Che cosa succederà al design italiano nell’epoca della globalizzazione post rivoluzione digitale caratterizzata da distretti produttivi plurimi? Viviamo nuovi scenari urbani e nell’aria si sente un rinnovato interesse per oggetti e pratiche artigiane incentrate sull’arte del fare, della manualità e dell’autoproduzione. Questi e altri complessi ambiti di ricerca intorno al rapporto individuo-ambiente anticipano comportamenti di vita sostenibile, più responsabili e partecipi, che stanno modificando il nostro modo di vedere e ripensare il mondo.

Ugo La Pietra, che ironicamente si definisce un “operatore estetico”, è stato un precursore di un “futuro artigiano”. Artista, architetto, cineasta, musicista, editore e protagonista del design radicale negli anni ’70, nell’importante e attesa mostra personale alla Triennale di Milano dal titolo Progetto Disequilibrante, a cura di Angela Rui, racconta cinquant’anni della sua arte e cultura e di investigazioni quasi antropologiche e linguaggi avanguardisti.
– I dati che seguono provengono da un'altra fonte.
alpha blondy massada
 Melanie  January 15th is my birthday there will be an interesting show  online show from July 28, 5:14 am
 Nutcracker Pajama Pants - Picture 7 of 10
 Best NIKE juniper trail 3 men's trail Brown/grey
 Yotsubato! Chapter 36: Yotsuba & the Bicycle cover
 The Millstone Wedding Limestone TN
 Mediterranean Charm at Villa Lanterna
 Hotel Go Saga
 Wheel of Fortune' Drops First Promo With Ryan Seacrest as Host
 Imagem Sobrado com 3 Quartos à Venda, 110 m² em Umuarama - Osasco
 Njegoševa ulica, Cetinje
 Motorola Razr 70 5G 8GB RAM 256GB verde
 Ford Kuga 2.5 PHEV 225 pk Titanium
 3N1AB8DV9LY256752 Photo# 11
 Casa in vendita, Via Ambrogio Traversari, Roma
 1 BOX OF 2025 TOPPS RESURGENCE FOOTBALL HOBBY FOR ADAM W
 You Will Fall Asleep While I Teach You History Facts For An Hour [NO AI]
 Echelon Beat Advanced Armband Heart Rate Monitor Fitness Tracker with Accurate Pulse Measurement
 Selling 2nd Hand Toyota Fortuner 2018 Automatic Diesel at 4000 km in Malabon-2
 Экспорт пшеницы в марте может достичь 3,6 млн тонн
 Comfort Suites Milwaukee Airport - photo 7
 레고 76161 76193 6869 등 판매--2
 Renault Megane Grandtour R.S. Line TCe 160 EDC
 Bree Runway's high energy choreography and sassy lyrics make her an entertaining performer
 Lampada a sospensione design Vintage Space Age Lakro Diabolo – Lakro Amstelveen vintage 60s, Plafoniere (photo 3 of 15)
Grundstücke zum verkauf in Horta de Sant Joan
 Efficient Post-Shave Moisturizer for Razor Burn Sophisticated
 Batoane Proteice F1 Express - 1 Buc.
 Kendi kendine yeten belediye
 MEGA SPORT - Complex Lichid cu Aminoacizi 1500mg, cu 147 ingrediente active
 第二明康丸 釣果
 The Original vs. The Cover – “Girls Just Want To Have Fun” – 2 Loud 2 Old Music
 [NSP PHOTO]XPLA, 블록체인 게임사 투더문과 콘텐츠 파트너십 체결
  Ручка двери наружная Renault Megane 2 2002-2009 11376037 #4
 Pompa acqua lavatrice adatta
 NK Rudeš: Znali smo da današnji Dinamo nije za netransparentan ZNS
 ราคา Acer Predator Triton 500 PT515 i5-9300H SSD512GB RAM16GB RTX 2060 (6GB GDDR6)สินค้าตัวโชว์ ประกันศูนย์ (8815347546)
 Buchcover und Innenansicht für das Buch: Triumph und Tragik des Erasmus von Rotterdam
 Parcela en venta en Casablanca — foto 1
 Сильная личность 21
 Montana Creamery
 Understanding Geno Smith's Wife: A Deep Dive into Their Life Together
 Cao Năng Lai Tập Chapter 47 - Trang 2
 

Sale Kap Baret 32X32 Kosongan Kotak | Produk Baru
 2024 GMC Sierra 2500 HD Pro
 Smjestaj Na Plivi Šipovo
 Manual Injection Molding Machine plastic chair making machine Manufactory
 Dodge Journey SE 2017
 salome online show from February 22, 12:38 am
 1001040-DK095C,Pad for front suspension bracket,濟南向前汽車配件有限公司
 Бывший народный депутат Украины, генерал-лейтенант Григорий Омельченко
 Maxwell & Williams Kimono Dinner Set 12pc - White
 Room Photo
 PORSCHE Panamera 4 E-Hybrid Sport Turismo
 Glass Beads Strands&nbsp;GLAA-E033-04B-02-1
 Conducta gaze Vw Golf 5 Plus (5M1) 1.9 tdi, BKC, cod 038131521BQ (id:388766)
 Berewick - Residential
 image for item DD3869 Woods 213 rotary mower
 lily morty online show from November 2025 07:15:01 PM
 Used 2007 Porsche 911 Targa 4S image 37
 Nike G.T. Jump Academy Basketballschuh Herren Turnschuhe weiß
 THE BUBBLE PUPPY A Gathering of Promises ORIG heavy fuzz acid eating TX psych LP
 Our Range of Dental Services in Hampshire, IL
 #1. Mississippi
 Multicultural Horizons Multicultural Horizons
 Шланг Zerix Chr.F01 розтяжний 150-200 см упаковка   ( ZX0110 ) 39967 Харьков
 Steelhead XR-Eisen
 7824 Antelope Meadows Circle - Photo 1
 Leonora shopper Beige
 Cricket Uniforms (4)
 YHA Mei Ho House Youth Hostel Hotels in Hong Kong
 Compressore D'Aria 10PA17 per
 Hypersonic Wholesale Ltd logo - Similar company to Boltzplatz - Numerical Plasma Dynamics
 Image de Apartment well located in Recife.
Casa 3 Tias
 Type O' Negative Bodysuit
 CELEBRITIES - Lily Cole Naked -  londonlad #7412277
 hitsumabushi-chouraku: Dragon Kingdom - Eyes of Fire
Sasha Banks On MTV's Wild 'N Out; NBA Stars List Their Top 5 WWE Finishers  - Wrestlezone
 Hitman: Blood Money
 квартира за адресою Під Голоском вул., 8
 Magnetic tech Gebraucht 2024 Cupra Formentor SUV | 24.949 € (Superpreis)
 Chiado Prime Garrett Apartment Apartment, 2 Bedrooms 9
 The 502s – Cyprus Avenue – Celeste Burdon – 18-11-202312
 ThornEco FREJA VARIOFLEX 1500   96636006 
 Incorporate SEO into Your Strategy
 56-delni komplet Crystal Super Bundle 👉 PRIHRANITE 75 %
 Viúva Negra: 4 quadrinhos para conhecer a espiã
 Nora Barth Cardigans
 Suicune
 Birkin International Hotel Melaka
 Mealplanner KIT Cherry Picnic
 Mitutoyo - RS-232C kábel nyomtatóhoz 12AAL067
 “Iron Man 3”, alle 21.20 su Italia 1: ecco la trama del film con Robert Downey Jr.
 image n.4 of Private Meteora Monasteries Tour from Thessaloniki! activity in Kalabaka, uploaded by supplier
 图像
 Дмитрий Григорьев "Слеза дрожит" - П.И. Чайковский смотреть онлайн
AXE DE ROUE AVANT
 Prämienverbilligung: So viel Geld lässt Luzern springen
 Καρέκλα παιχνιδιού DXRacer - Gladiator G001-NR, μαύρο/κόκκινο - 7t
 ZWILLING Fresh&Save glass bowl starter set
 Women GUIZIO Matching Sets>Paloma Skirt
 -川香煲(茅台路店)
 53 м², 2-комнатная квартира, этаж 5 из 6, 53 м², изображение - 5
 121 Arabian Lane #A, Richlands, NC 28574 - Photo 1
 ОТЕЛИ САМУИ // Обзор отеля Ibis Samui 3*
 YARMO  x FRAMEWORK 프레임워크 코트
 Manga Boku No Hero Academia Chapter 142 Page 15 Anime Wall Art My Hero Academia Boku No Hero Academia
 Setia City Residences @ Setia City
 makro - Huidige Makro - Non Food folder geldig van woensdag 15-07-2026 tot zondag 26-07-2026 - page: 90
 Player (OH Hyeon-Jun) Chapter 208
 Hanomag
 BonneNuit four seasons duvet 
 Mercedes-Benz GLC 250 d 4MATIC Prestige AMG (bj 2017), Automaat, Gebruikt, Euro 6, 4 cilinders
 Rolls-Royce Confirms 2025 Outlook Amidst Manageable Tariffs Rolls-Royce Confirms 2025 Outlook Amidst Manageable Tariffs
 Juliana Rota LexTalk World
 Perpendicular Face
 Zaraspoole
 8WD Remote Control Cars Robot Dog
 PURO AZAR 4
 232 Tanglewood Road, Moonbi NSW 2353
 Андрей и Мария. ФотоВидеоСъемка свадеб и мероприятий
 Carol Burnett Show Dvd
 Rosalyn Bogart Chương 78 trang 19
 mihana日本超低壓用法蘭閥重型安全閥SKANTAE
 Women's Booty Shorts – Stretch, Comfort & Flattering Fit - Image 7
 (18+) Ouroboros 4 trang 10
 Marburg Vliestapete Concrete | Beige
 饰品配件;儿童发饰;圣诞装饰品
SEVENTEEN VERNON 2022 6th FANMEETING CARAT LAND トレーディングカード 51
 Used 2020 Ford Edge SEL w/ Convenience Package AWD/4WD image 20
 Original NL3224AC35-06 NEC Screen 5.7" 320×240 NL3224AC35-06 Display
La mostra si snoda in 14 aree tematiche, smonta il canone dell’architettura stessa e si risolve in un meta spazio che vuole essere esplorato. L’allestimento espositivo, firmato dall’autore di oggetti, ambienti, installazioni, disegni e materiali audiovisivi, è concepito come un film, un racconto visuale per sequenze in cui spicca la sua posizione ironica, laterale, di esplorazione critica del mondo, contro il sistema e le logiche di mercato, perciò eretico, “disequilibrante”.